Step 212: The UE returns a reconfiguration completion message to the SRNC. If the UE processes a Radio Bearer Reconfiguration command (RBR), the reconfiguration completion message is returned based on the time specified by the RBR; otherwise, the reconfiguration completion message is returned after 40 milliseconds upon receiving the HS-SCCH command.

So far, the cell handover succeeds. In the process of performing the cell handover in step 205 to step 212 of this embodiment, the UE always remains not in the downlink discontinuous reception state, that is, the UE performs the cell handover when the UE is not in the downlink discontinuous reception state. When the SRNC transmits the reconfiguration command or the target NodeB transmits the HS-SCCH command, it is not needed to wait for a suitable reception pattern, so as to prevent the problem that the UE cannot receive a handover indication command during the cell handover in time because the UE is in the downlink discontinuous reception state, thus reducing the time delay of the cell handover, avoiding the longer service interruption, reducing the call drop rate, and promoting the experience of real-time service users.

In this embodiment, the performing sequence between the step 204 and step 202 or step 203 is not limited, and the step 204 can be performed at any time after initiating the cell handover and before performing the cell handover.

Further, in the step 204 of the embodiment, when the UE is not in the downlink discontinuous reception state or exits the downlink discontinuous reception state, a configured time can also be initiated. The performing the cell handover when the UE is not in the downlink discontinuous reception state includes: the UE performs the cell handover when the UE is not in the downlink discontinuous reception state within the configured time. After the step 212 is completed and the cell handover succeeded, but the configured time is not reached, the configured time is cancelled. When the step 212 is not performed or is not completed, but the configured time is reached, the UE is restored to the state before initiating the configured time. The configured time can be initiated by adopting a timer.

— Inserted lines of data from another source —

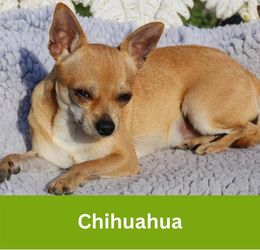 Chihuahua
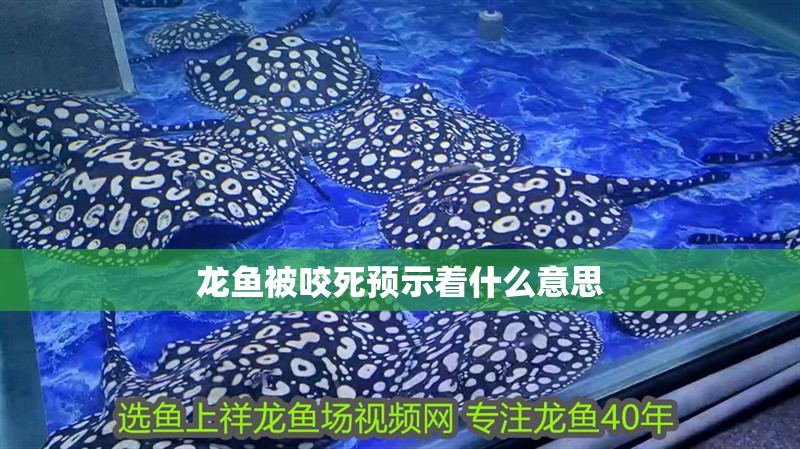 龍魚被咬死預(yù)示著什么意思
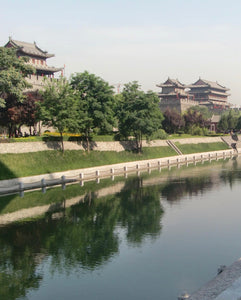 The Terracotta Army and Ancient Wall Private Day Tour in Xi'an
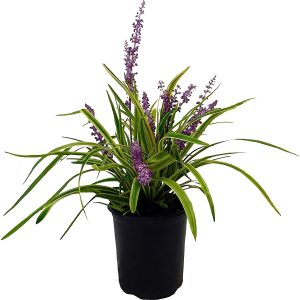 PHP-LIRIOPE MUS. VARIEGATA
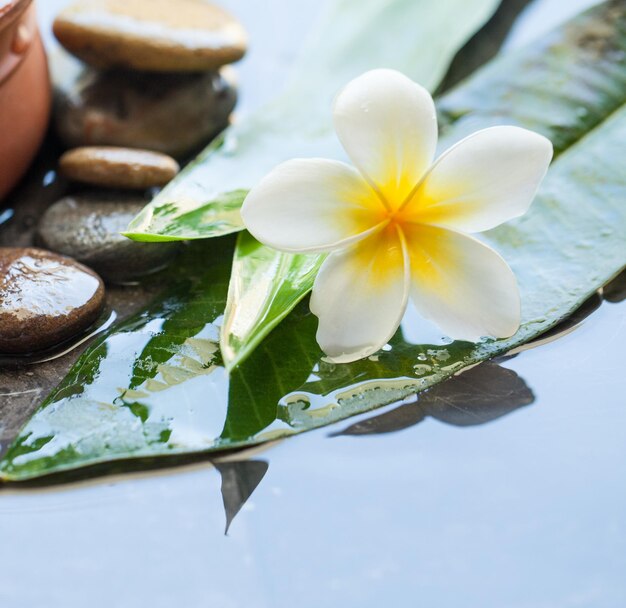 Spa-objecten bloem en stenen voor massagebehandeling op donkere waterachtergrond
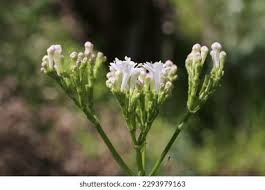 Image result for Valerianaceae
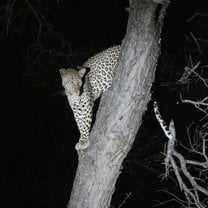 Amazing leopard sighting
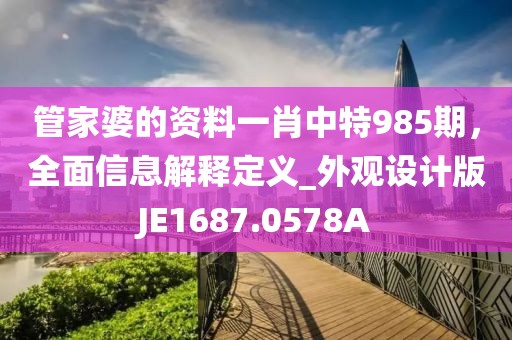 管家婆的资料一肖中特985期，全面信息解释定义_外观设计版JE1687.0578A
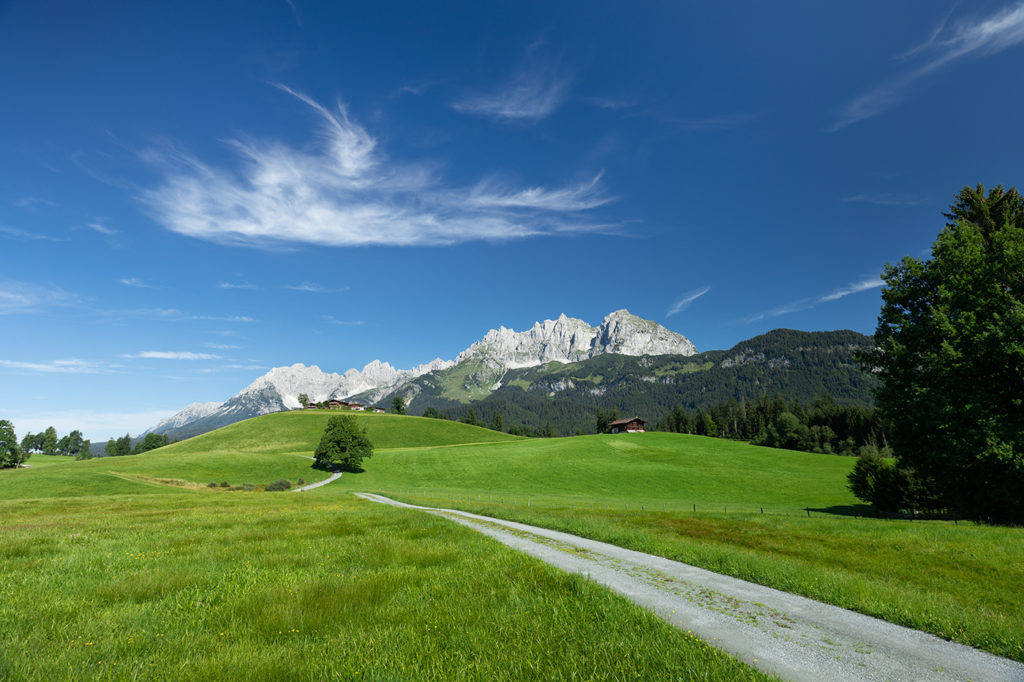 Rückseite des Kaisergebirges mit grüner Wiese mit Bäumen und Weg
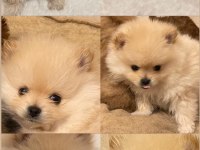 Safkan Pomeranian Boo Bebekler 2 Aylık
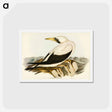 アートポストカード-Masked Gannet
 - ジョン グールド Postcard.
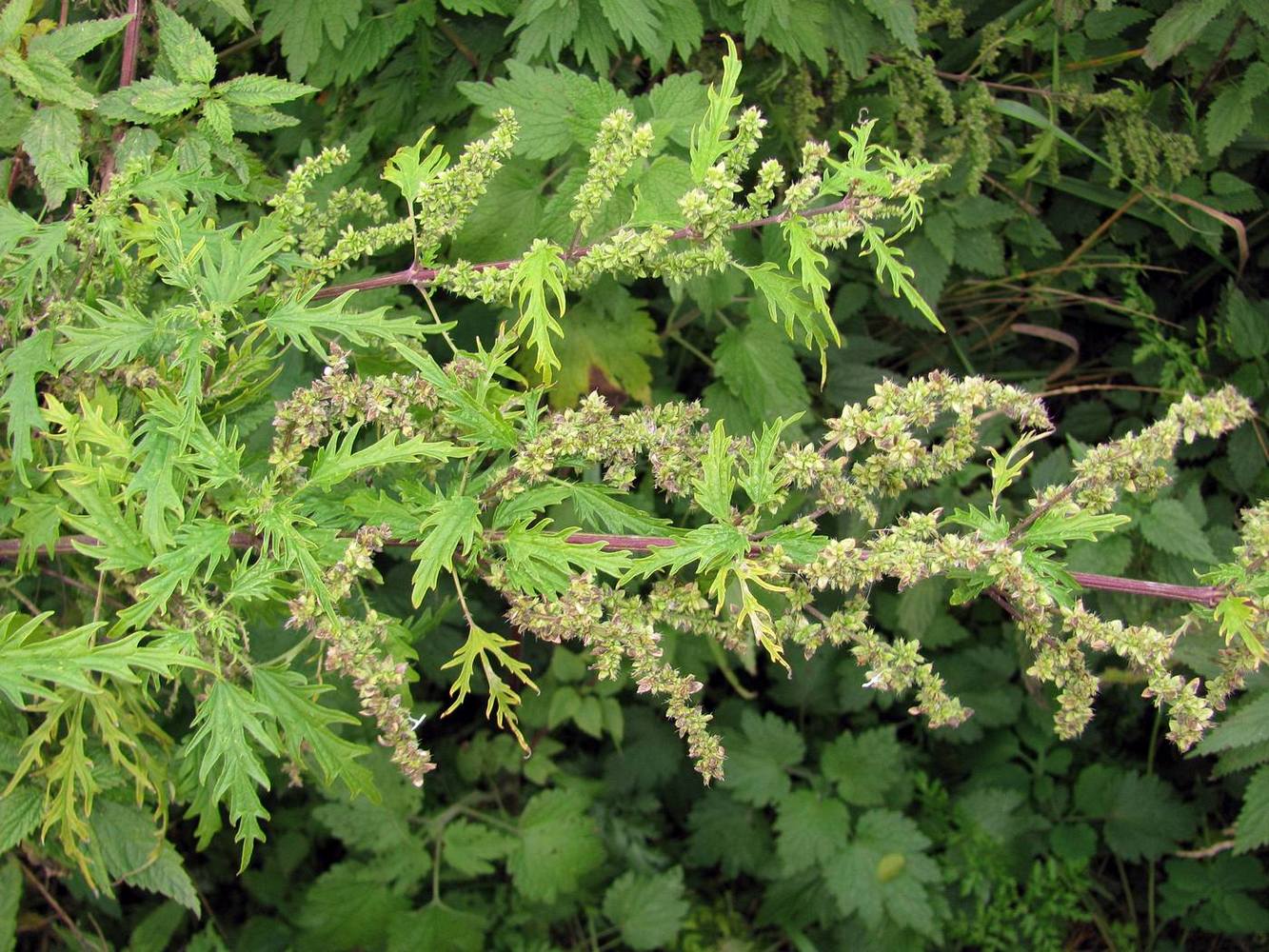 Image of Urtica cannabina specimen.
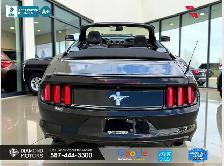 2016 Ford Mustang 2dr Conv V6 - Just Arrived - Photo 6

In other words, when the UE is not in the downlink discontinuous reception state, the UE cannot enter the downlink discontinuous reception state within the configured time (before the timer expires), until the cell handover succeeds. If the configured time is not reached, the configured time is cancelled. If the configured time is reached, and the UE has not completed the HS-DSCH serving cell handover process, the UE restores to not in the downlink discontinuous reception state before initiating the configured time. Next, corresponding operations can be made according to a network configuration indication. For example, according to the network indication, the UE enters the downlink discontinuous reception state, and so on.

When the UE is in the downlink discontinuous reception state, the UE exits the downlink discontinuous reception state and cannot enter the downlink discontinuous reception state within the configured time (before the timer expires), until the cell handover succeeds. If the configured time is not reached, the configured time is cancelled. If the configured time is reached, and the UE has not completed the HS-DSCH serving cell handover process, the UE restores the downlink discontinuous reception state before initiating the configured setting (according to previous continuation behavior of each DRX parameter). Next, corresponding operations can be made according to a network configuration indication. For example, according to the network indication, the UE exits the downlink discontinuous reception state, or update DRX parameters, and so on.

The configured time is generally greater than the time required for completing a normal cell handover. The method for initiating the configured time at the UE side results in that during the cell handover process or within the configured time, the UE is always not in the downlink discontinuous reception state. In the normal handover process, when the SRNC transmits the reconfiguration command or the target NodeB transmits the HS-SCCH command, it is not needed to wait for a suitable reception pattern, so as to prevent the problem that the UE cannot receive a handover indication command during the cell handover in time because the UE is in the downlink discontinuous reception state, thus reducing the time delay of the cell handover, avoiding the longer service interruption, reducing the call drop rate, and promoting the experience of real-time service users. Furthermore, when abnormality occurs in the cell handover and the handover process has not been completed within the configured time, it is possible to restore the state of the UE before initiating the configured time, so that the UE is able to perform other corresponding operations.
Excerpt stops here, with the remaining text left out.